DATA TO PROCESS below:

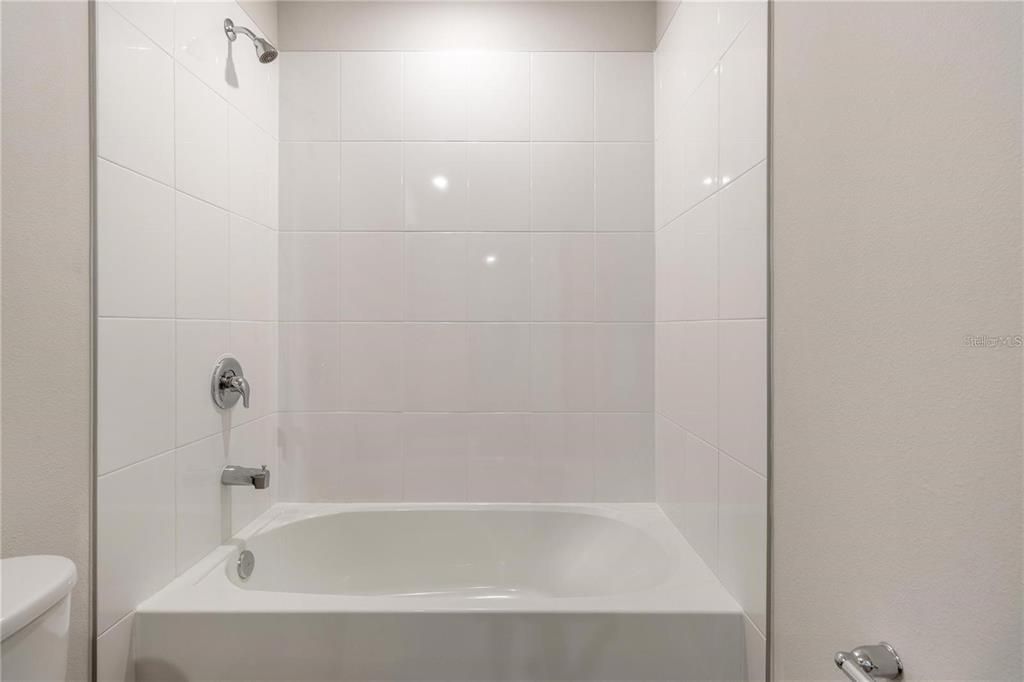 For Sale: $395,000 (4 beds, 3 baths, 2687 Square Feet)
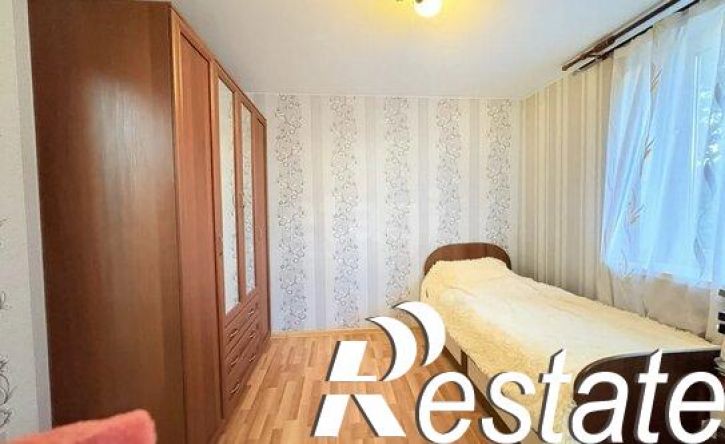 3-комн квартира проспект Победы, 64,  д. 64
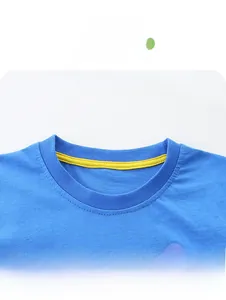 Détail d'un t-shirt bleu en coton pour garçon avec col rond et imprimé cochon dessin animé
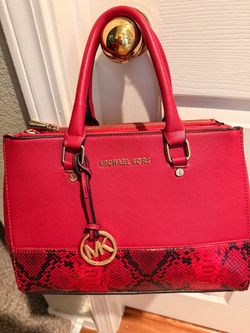 MICHAEL KORS
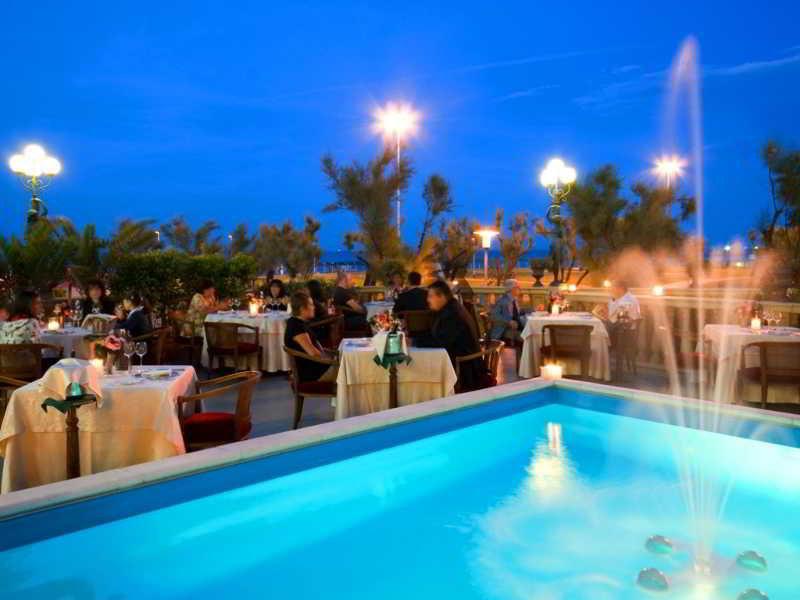 Hotel Vittoria Pesaro Exteriér fotografie The restaurant
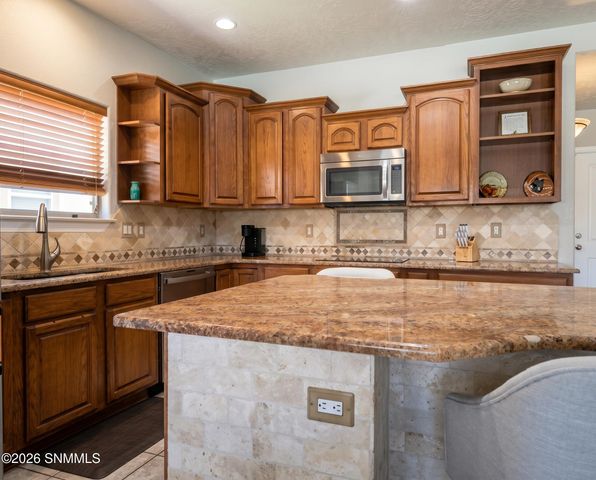 702 Mesa Point Road, Las Cruces, NM 88011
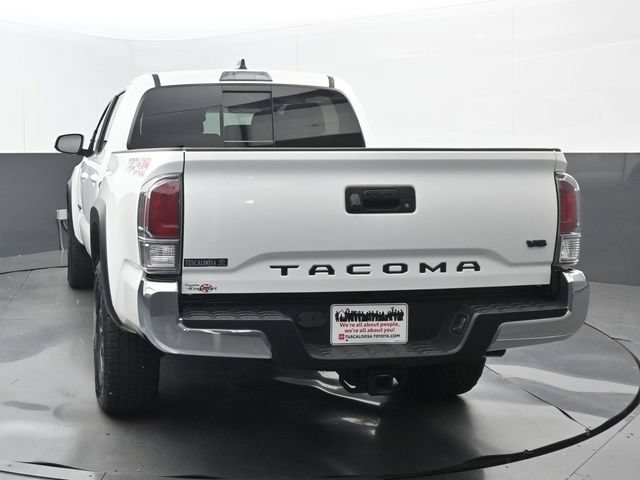 Used 2023 Toyota Tacoma TRD Off-Road w/ Black Out Package (TMS) AWD/4WD image 17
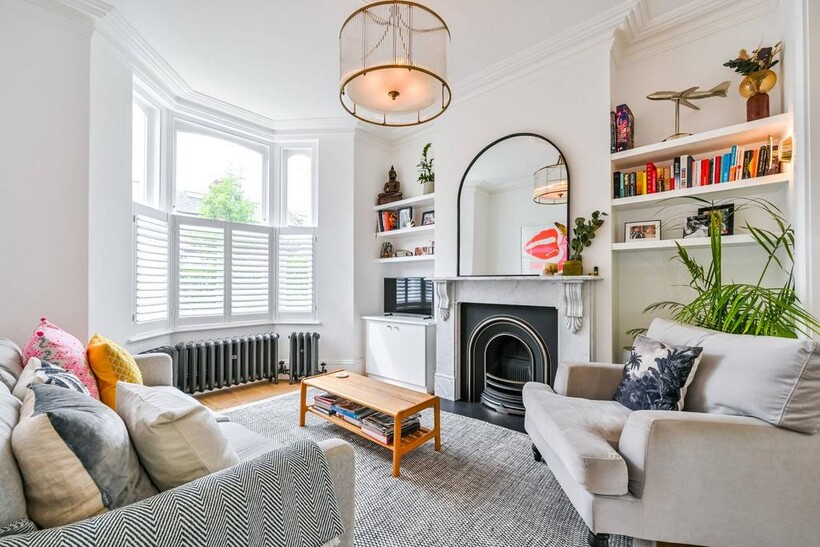 Highbury Hill, Highbury, London, N5 4 bed house to rent - £8,996 pcm (£2,076 pw)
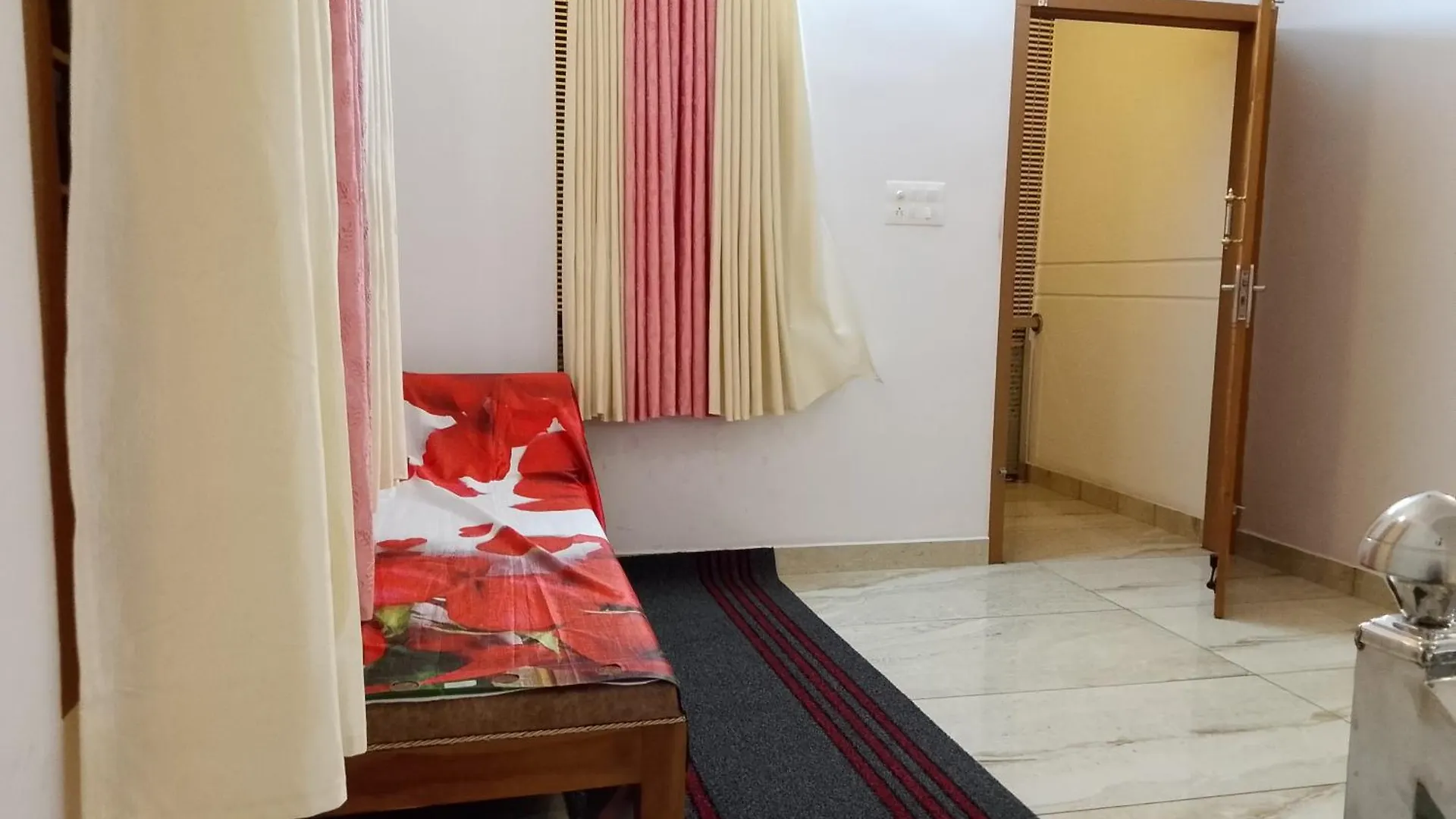 Hill Crown Wonder Palace Kochi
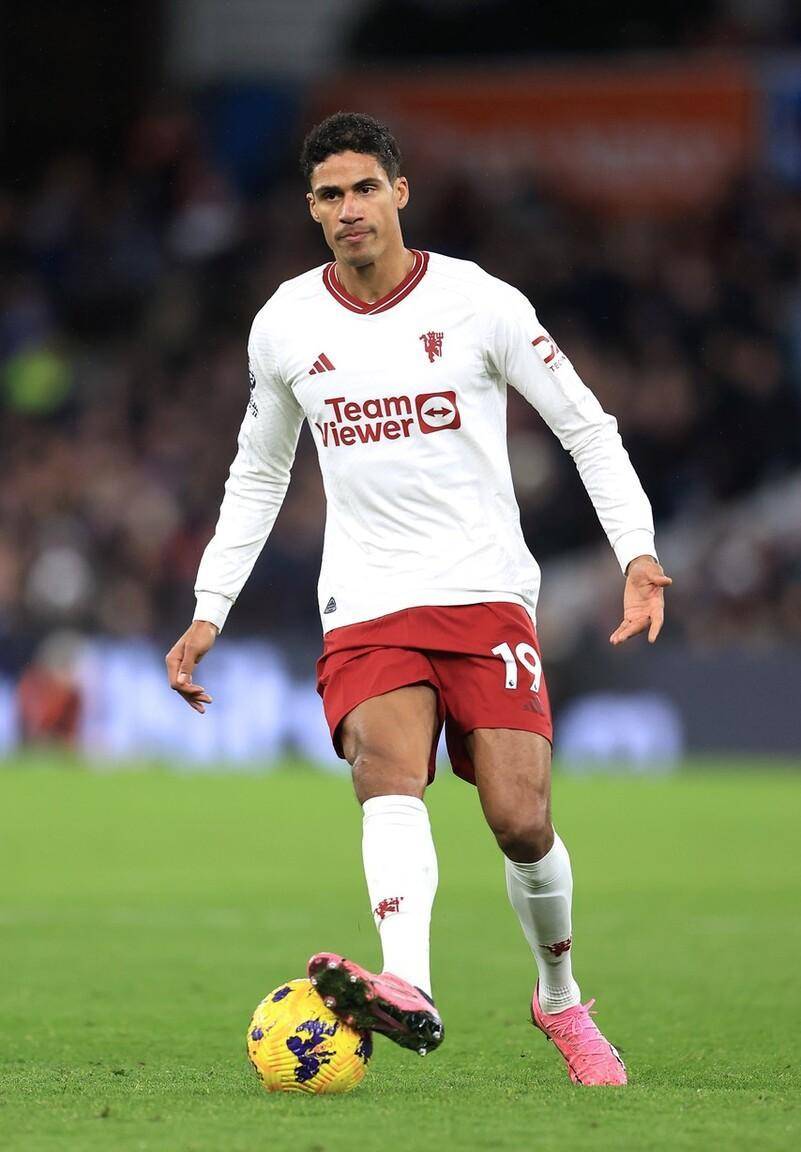 伊蒂哈德和纳赛尔正努力从曼联签下拉斐尔·瓦拉内_沙特_赛季_交易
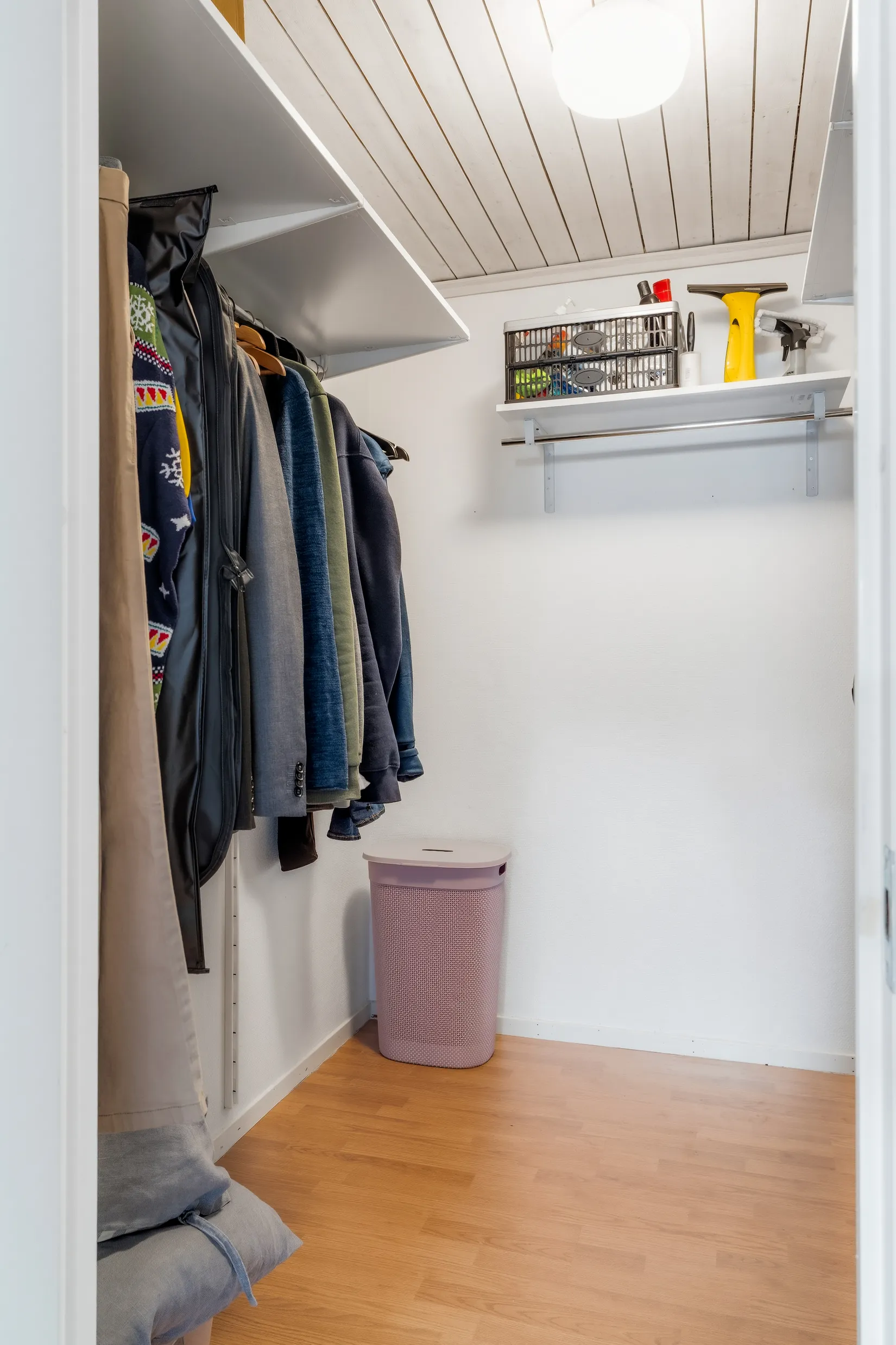 Radhus, Tyras väg 21, Bergshammar, Nyköping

End of DATA TO PROCESS.

-- TASK PROMPT --
Retype the lines from the one containing "Highbury Hill, Highbury, London, N5" down to the last line of the records, both included, exactly and nothing more. Pictures stay out.

-- ANSWER --
 Highbury Hill, Highbury, London, N5 4 bed house to rent - £8,996 pcm (£2,076 pw)
 Hill Crown Wonder Palace Kochi
 伊蒂哈德和纳赛尔正努力从曼联签下拉斐尔·瓦拉内_沙特_赛季_交易
 Radhus, Tyras väg 21, Bergshammar, Nyköping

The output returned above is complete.